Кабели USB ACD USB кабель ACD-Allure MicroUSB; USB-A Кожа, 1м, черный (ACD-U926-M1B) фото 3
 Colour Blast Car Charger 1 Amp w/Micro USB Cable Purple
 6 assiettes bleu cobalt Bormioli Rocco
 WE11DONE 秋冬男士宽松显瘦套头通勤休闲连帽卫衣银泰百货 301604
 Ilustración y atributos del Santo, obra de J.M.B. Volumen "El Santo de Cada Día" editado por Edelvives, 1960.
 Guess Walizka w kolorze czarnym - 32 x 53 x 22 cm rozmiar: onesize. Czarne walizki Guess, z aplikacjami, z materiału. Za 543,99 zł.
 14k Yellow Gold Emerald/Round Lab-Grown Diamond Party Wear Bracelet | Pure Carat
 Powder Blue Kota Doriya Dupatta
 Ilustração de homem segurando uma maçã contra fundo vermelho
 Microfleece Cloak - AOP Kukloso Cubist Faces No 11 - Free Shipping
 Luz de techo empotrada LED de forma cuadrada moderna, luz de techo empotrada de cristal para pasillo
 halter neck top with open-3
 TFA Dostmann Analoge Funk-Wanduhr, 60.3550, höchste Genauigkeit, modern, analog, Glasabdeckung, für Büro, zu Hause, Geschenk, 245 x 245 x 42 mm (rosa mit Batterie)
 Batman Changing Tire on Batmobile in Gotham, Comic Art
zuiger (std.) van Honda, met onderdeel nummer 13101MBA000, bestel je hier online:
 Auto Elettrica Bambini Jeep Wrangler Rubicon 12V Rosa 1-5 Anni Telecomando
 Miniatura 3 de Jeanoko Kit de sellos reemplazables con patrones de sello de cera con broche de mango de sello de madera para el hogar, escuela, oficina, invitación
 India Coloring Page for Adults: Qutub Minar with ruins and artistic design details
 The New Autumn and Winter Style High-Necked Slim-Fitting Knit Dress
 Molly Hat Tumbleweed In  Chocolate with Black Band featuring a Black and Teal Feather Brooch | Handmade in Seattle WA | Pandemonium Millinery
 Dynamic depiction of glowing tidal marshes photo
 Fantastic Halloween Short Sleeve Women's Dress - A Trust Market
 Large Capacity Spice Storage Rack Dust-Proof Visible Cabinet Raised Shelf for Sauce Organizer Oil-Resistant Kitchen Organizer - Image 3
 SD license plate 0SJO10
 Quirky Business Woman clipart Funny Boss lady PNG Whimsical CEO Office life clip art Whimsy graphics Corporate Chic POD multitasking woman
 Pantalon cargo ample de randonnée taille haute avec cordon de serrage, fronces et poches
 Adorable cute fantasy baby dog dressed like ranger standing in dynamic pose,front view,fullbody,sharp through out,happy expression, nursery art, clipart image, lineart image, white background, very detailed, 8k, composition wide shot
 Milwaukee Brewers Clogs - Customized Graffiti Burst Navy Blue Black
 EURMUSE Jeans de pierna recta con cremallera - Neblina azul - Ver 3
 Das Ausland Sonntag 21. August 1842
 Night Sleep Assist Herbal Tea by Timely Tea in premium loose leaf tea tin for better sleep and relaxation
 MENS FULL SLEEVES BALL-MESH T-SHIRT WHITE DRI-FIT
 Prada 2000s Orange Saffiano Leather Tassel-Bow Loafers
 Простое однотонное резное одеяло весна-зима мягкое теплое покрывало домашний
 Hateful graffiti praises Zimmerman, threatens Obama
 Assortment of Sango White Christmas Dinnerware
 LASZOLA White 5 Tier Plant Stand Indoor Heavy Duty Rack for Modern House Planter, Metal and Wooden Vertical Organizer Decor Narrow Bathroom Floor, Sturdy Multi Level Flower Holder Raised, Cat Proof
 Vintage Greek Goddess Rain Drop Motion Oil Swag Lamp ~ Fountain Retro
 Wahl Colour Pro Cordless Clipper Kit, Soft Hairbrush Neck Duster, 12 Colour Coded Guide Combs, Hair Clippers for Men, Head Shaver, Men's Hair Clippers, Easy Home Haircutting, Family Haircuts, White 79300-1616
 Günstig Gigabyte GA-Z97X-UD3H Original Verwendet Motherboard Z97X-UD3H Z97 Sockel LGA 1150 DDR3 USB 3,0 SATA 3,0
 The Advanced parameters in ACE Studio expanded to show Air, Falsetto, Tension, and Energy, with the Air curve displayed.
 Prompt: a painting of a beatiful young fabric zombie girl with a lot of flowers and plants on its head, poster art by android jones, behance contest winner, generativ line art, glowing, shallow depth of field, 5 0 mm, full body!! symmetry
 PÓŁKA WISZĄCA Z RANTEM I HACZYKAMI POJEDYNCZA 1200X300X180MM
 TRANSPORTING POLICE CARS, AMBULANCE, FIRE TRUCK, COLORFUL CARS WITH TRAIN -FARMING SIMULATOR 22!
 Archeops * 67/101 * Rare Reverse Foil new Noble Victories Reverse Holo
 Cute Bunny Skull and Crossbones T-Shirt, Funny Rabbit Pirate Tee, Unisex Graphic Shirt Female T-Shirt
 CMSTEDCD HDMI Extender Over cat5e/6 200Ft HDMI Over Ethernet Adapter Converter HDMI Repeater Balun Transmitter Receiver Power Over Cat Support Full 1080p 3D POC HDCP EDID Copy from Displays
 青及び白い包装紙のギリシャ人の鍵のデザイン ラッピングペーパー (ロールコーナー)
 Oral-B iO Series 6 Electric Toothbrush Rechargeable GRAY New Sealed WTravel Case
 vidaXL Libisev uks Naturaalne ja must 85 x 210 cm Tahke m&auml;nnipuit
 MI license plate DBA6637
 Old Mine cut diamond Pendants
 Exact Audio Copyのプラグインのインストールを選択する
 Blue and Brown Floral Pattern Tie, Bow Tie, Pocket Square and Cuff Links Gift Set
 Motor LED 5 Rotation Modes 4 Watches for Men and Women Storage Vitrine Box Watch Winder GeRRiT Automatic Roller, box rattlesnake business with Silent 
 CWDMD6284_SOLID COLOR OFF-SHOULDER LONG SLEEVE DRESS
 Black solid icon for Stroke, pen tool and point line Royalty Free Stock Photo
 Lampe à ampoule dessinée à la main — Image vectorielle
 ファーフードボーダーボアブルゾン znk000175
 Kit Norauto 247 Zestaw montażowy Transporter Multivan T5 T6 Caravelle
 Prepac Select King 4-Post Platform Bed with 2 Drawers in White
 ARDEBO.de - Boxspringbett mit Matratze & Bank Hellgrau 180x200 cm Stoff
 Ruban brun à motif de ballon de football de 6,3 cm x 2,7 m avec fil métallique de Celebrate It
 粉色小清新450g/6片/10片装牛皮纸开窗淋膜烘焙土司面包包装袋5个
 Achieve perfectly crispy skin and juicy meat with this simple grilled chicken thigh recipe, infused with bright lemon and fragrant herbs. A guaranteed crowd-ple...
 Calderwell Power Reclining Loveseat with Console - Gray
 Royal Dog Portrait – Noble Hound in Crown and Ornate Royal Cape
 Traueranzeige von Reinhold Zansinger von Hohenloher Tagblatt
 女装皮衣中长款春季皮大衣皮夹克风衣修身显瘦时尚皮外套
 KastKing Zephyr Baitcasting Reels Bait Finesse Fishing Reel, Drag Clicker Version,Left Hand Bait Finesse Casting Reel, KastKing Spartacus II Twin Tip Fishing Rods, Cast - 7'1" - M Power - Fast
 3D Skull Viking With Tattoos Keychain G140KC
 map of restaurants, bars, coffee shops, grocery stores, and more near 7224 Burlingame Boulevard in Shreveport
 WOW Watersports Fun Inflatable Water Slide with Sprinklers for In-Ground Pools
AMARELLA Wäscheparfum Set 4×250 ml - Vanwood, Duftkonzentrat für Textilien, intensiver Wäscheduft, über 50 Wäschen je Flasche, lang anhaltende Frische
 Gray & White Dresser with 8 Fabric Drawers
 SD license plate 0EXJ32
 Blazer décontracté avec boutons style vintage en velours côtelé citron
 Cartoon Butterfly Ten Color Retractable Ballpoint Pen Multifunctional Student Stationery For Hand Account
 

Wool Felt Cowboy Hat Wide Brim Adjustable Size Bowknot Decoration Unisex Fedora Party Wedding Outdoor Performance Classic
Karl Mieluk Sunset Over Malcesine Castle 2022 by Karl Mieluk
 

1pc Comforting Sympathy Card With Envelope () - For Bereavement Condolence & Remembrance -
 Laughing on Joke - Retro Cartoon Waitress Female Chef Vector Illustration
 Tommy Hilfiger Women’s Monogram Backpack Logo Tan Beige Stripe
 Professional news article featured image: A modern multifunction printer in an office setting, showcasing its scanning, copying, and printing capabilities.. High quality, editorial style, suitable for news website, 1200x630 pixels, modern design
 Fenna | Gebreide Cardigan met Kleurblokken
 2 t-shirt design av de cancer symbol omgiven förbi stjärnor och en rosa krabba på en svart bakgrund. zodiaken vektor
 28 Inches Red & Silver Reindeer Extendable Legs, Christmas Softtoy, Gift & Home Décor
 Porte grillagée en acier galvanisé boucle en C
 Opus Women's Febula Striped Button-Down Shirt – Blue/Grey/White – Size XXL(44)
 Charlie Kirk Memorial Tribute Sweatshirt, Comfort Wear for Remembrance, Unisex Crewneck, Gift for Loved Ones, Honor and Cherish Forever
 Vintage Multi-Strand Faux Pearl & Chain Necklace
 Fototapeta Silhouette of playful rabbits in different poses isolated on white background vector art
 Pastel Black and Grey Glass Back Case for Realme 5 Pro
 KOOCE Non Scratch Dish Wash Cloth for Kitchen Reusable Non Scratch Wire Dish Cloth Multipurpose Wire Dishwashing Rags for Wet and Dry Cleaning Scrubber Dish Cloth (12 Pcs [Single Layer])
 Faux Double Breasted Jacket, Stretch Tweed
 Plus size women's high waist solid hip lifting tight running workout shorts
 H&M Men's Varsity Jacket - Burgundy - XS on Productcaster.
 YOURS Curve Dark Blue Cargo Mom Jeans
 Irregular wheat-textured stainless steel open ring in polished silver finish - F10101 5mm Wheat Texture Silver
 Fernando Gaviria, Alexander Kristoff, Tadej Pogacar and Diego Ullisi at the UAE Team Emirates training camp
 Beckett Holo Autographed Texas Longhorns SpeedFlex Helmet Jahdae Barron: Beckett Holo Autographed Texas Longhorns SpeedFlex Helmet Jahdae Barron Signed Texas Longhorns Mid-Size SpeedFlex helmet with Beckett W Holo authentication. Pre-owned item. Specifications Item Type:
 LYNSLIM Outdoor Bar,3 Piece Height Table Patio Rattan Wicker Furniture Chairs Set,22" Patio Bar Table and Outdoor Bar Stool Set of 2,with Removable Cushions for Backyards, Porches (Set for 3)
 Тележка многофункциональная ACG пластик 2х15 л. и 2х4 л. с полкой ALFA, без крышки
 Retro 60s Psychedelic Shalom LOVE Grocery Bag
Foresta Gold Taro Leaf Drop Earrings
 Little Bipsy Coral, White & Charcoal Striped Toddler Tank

==========

§ WHAT THE TASK ASKS:
Your answer should be the lines above from the one containing "粉色小清新450g/6片/10片装牛皮纸开窗淋膜烘焙土司面包包装袋5个" through the one containing "SD license plate 0EXJ32", copied exactly and with both ends kept.

§ SOLUTION:
 粉色小清新450g/6片/10片装牛皮纸开窗淋膜烘焙土司面包包装袋5个
 Achieve perfectly crispy skin and juicy meat with this simple grilled chicken thigh recipe, infused with bright lemon and fragrant herbs. A guaranteed crowd-ple...
 Calderwell Power Reclining Loveseat with Console - Gray
 Royal Dog Portrait – Noble Hound in Crown and Ornate Royal Cape
 Traueranzeige von Reinhold Zansinger von Hohenloher Tagblatt
 女装皮衣中长款春季皮大衣皮夹克风衣修身显瘦时尚皮外套
 KastKing Zephyr Baitcasting Reels Bait Finesse Fishing Reel, Drag Clicker Version,Left Hand Bait Finesse Casting Reel, KastKing Spartacus II Twin Tip Fishing Rods, Cast - 7'1" - M Power - Fast
 3D Skull Viking With Tattoos Keychain G140KC
 map of restaurants, bars, coffee shops, grocery stores, and more near 7224 Burlingame Boulevard in Shreveport
 WOW Watersports Fun Inflatable Water Slide with Sprinklers for In-Ground Pools
AMARELLA Wäscheparfum Set 4×250 ml - Vanwood, Duftkonzentrat für Textilien, intensiver Wäscheduft, über 50 Wäschen je Flasche, lang anhaltende Frische
 Gray & White Dresser with 8 Fabric Drawers
 SD license plate 0EXJ32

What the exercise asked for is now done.